Sì, ma Roberto, Fabio ed io abbiamo sempre amato moltissimo anche il calcio, che da ragazzi abbiamo praticato ad alti livelli. Ad un certo punto però i nostri genitori ci hanno imposto di scegliere uno dei due sport, perché la stagione del calcio finiva quando i campi d’allenamento dell’hockey erano già iniziati e dunque le due cose non erano compatibili. Così alla fine tutti e tre noi fratelli Luongo ci siamo buttati a capofitto nell’hockey e il fatto che sia lo sport nazionale canadese ha sicuramente aiutato a far pendere l’ago della bilancia da quella parte.
Nella tua già lunga carriera di allenatore di portieri hai lavorato a tutti livelli di età e di categoria. Ti emoziona di più vedere un bambino compiere dei progressi o un professionista compiere una parata spettacolare che vale una partita?
Adesso che sono allenatore cerco di non farmi più coinvolgere emotivamente dalle partite... Devo restare il più obiettivo possibile per aiutare i miei portieri a migliorarsi costantemente.
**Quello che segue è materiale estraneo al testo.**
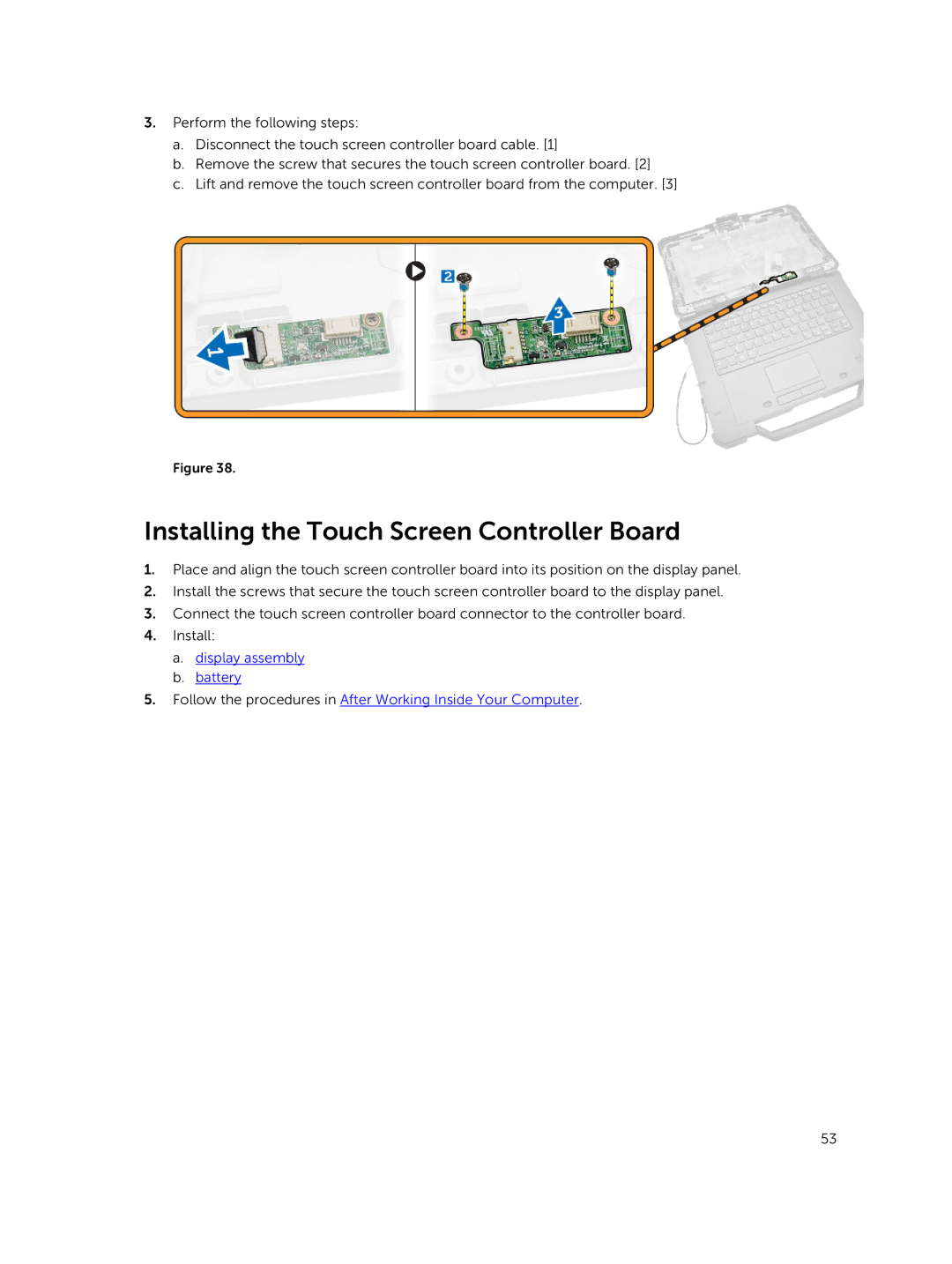 Dell P45G owner manual Installing the Touch Screen Controller Board 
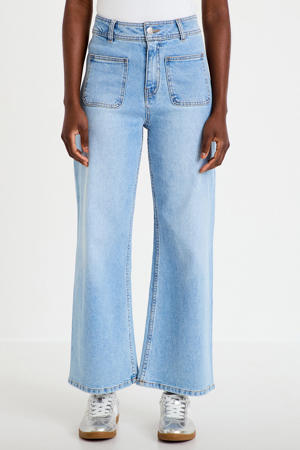 high waist wide leg jeans - lichtblauw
Se mi si chiede se mi dà più soddisfazione vedere i progressi di un bambino o vedere un professionista decidere da solo una partita, dico che per me è lo stesso, perché il mio ruolo è quello di aiutare tutti quanti a migliorare. E si può sempre far meglio! Quindi quello che mi soddisfa davvero è vedere i portieri che lavorano con me crescere giorno dopo giorno e migliorare la loro arte, indipendentemente che si tratti di bambini, juniori o professionisti.
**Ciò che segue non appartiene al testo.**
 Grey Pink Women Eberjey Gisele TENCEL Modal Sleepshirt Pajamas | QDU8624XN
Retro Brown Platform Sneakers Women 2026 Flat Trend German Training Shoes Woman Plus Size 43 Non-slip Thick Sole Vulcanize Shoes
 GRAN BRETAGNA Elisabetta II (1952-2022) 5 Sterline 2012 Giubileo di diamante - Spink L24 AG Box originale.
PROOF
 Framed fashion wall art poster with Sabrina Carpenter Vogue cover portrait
Tu punti tanto sull’approccio psicologico nella preparazione dei portieri…
L’aspetto psicologico è una parte molto importante del lavoro che si fa con i portieri, perché il loro è un ruolo molto delicato, dato che un errore può portare direttamente a una rete avversaria. Un portiere può decidere da solo una partita nel bene come nel male, quindi bisogna lavorare moltissimo sul mentale. È un lavoro che mi piace molto: ho letto tantissimi libri di psicologia e continuo ad aggiornarmi, perché questo settore continua ad evolversi.
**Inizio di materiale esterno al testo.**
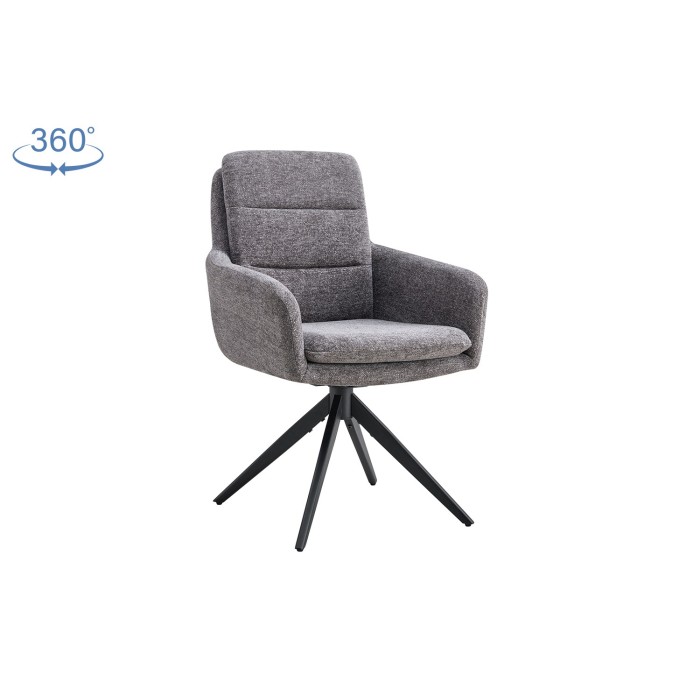 Lot de 2 fauteuils KAVINA – Tissu gris foncé – Pieds métal – Avec accoudoirs – Design élégant et enveloppant 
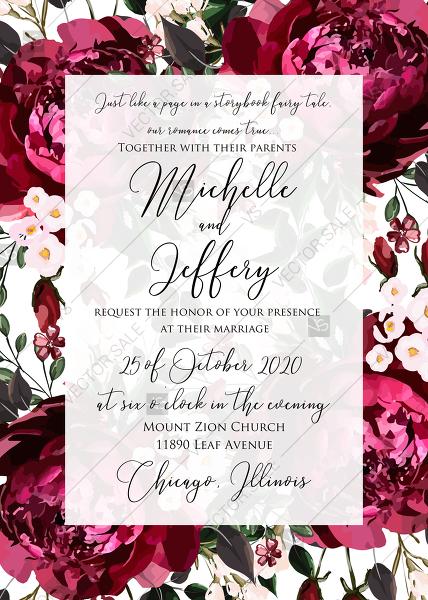 Hochzeit - Wedding invitation marsala dark red peony greenery burgundy floral PDF 5x7 in Customize online cards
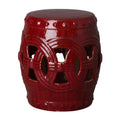 Eternity Garden Stool/Table with a Red Glaze
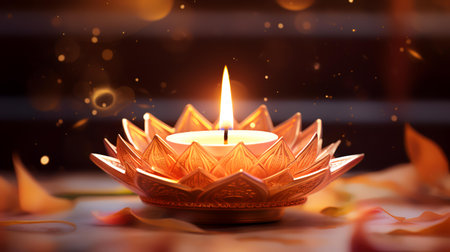 Beautiful diwali diya with bokeh background.の素材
Sul sito internet della tua scuola di portieri in Canada è riportato un piano delle attività giornaliere: sorprende vedere che sono previste anche delle sessioni di yoga!
Un paio d’anni fa tutti i ragazzi di una squadra giovanile con la quale lavoravo seguivano una volta alla settimana corsi di yoga per prevenire gli infortuni e far diventare i loro corpi più flessibili. Credo fermamente che lo yoga possa aiutare molto i portieri di hockey, che devono essere estremamente agili e flessibili cercando di evitare quei problemi all’inguine che sono molto comuni. Non imporrò mai a nessuno di seguire lezioni di yoga, perché la scelta è molto personale, ma dare ai giocatori e ai portieri una possibilità in più di migliorarsi fisicamente e prevenire gli infortuni è sicuramente molto interessante per i club.
In conclusione di questa breve chiacchierata non si può non ritornare a tuo fratello Roberto. Quanto è stato difficile per te dimostrare di non essere solo “il fratello di”?
Quando giocavo mi capitava abbastanza spesso di sentirmi paragonato a mio fratello Roberto. Ma da quando una decina d’anni fa ho iniziato ad allenare invece non mi sono più sentito nella sua ombra. Non posso negare che essere il fratello di Roberto Luongo mi abbia aperto qualche porta, ma poi sono stato io, con le mie qualità, ad attraversarle, quelle porte! Sia a livello giovanile, sia con Hockey Canada, sia in American Hockey League sono sempre stato l’allenatore più giovane in circolazione, e questo significa che so fare bene il mio lavoro. Non puoi ottenere tutto quello che vuoi solo grazie al tuo cognome, anzi, per me dimostrare di non essere solo il fratello di Roberto Luongo è sempre stato uno stimolo in più!